Summary: The Bible was written by Jews for Jews thousands of years ago, in ancient languages and cultures that are vastly different from ours today. Making it all the more important to understand as much of those cultures as we can.
“I am more than ever certain that a great place belongs to him in Israel's history of faith and that this place cannot be described by any of the usual categories.” -Martin Buber, leading Jewish writer, thinker, philosopher, and theologian (1878-1965).
“No one can read the Gospels without feeling the actual presence of Jesus. His personality pulsates in every word.” -Albert Einstein (Quote taken from “What Life Means to Einstein,” The Saturday Evening Post, October 26, 1929)
“Christianity is completed Judaism... Christianity is incomprehensible without Judaism, as Judaism is incomplete without Christianity." -Benjamin Disraeli, Prime Minister of England
“When asked why he had "given up the synagogue for the church," Zolli replied, "I have not given it up. Christianity is the completion of the synagogue, for the synagogue was a promise, and Christianity is the fulfillment of that promise." - Israel Zolli, Chief Rabbi of Rome
"I am poor and feeble, persecuted and vulnerable, Yeshua conquered me, and with the New Man he honored me, He delivered me from the poverty-stricken self with his great love, he cherishes me." -Daniel Zion, Chief Rabbi of Bulgarian Jews
The Bible was written thousands of years ago, in ancient languages and cultures that are vastly different from ours today. Even our English translations are translation of translations.
Therefore it is important to understand as much as we can about the original languages and cultures of the Bible.
For instance, consider how Paul was a tentmaker in Acts 18 and Lydia (Acts 16) was a seller of purple. Paul was a tentmaker (little tent); the prayer shawl was consider to be everyman’s little tabernacle (tent). Paul made Prayer shawls.
The writers of the Old Testament were Jews; the writers of the New Testament were Jews. They had a Jewish culture. It behooves us to learn more about it.

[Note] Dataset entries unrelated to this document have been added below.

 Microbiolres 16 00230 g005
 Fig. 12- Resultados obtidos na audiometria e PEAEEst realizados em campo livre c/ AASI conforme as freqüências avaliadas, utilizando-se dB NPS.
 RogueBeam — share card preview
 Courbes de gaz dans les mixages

“unto us [Jews] a son is given”
For Isaiah was a Jewish Prophet writing to Jews and wrote in Hebrew.
This then brings us to ask 3 primary questions:
1) Ethnically, was Jesus a Jew?
2) Was Jesus a Torah observant Jew?
3) If the answer to questions 1 & 2 are yes (Jesus was a Torah observant Jew) then why wouldn’t Christians follow Judaism?
Let’s dive right in:
ONE) Ethnically, was Jesus a Jew?
First off from reading the New Testament we clearly see that Jesus identified with the Jews of His day.
“He came to His own [Judah], and His own [Judah] did not receive Him. But as many [Jews] as received Him, to them He gave the right to become children of God, to those who believe in His name...” -John 1:11-12 NKJV
Jesus said, "You [Gentiles] worship what you do not know; we [Jews] know what we [Jews] worship, for salvation is of the Jews.” (John 4:22).

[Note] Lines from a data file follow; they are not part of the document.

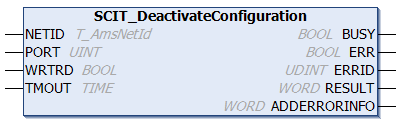 SCIT_DeactivateConfiguration 1: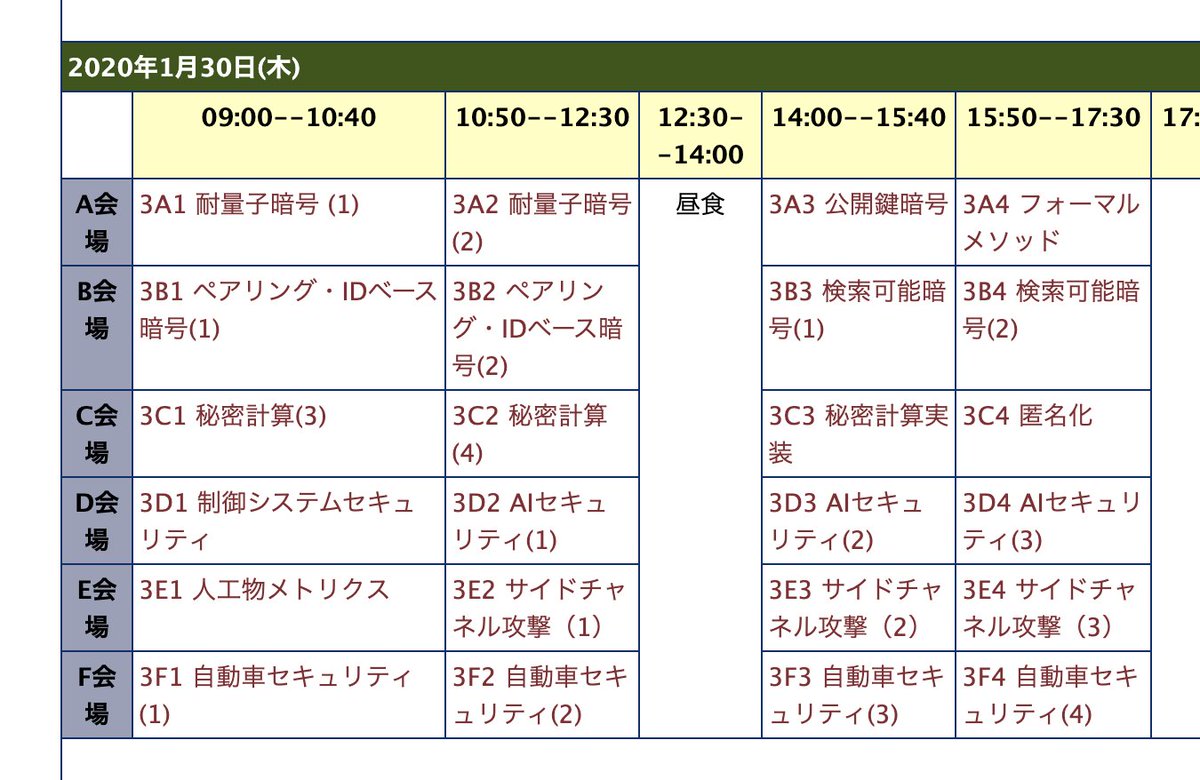 security_index's tweet image. こんなに自動車セキュリティが取り上げられるのはさすがに日本くらい？#scis2020
iwsec.org/scis/2020/inde…
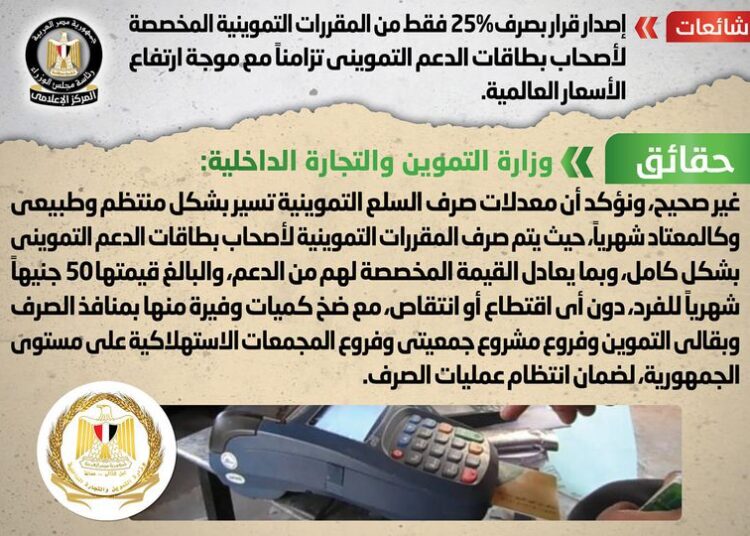 The Egyptian Cabinet’s media center denied reports circulated recently alleging that a decision has been issued to cut the amount of subsidized goods disbursed to ration card holders to only 25 per cent in conjunction with the global price hikes.(Photo courtesy of the Egyptian cabinet’s official Facebook page)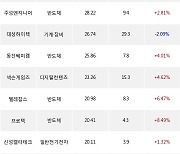 17일, 외국인 코스닥에서 레인보우로보틱스(+6.58%), 서진시스템(+10.66%) 등 순매수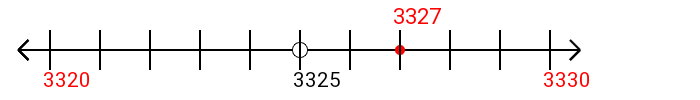 3,327 rounded to the nearest ten with a number line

Hebrews 7:14 says, “For it is evident that our Lord sprang out of [the tribe of] Judah…”
Judah is the name from which we derive the name “Jew” from.
The first verse of Matthew clearly proclaims the Jewish ethnicity of Jesus. “The book of the genealogy of Jesus Christ, the son of David, the son of Abraham.” -Matthew 1:1.

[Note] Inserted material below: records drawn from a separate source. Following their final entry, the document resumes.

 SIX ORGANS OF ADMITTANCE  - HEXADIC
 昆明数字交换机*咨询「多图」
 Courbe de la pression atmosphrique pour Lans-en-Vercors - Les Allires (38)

Mary, the mother of Jesus as found in the genealogy of Luke chapter 3, is also clearly identified as a direct descendant of King David, giving Jesus the legal right to ascend the Jewish throne as well as further establishing Jesus as a Jew ethnically.
So without any doubt Jesus was ethnically a Jew by birth and birthright.
TWO) Was Jesus a Torah observant Jew?
The parents of Jesus (Joseph & Mary) had “done everything required by the Law for their child, Jesus.
“And when they had performed all things according to the law of the Lord, they returned into Galilee, to their own city Nazareth.” -Luke 2:39.
In the Sermon on the Mount (Matthew 5–7), Jesus said, “Ye have heard” and “it hath been said” several times.
When/Where had they heard… from their oral Torah (Talmud) not from the written Torah (the first 5 books of the Old Testament).
Jesus was correcting them with the written Word (Torah). That is why Jesus would say things like, “You have heard” & “it hath been said”, as compared to other places where He would say, “It is written”.
For example, Jesus said:
"Ye have heard that it hath been said, Thou shalt love thy neighbor, and hate thine enemy. But I say unto you, Love your enemies, bless them that curse you, do good to them that hate you, and pray for them which despitefully use you, and persecute you.” - Matthew 5:43-44
Was Jesus teaching something new? No.
God's law says, “Thou shalt love thy neighbour” -Leviticus 19:18;
However, God's law does not say, “hate thine enemy.”
Jesus continually confirmed/affirmed the authority of the Torah and the Prophets.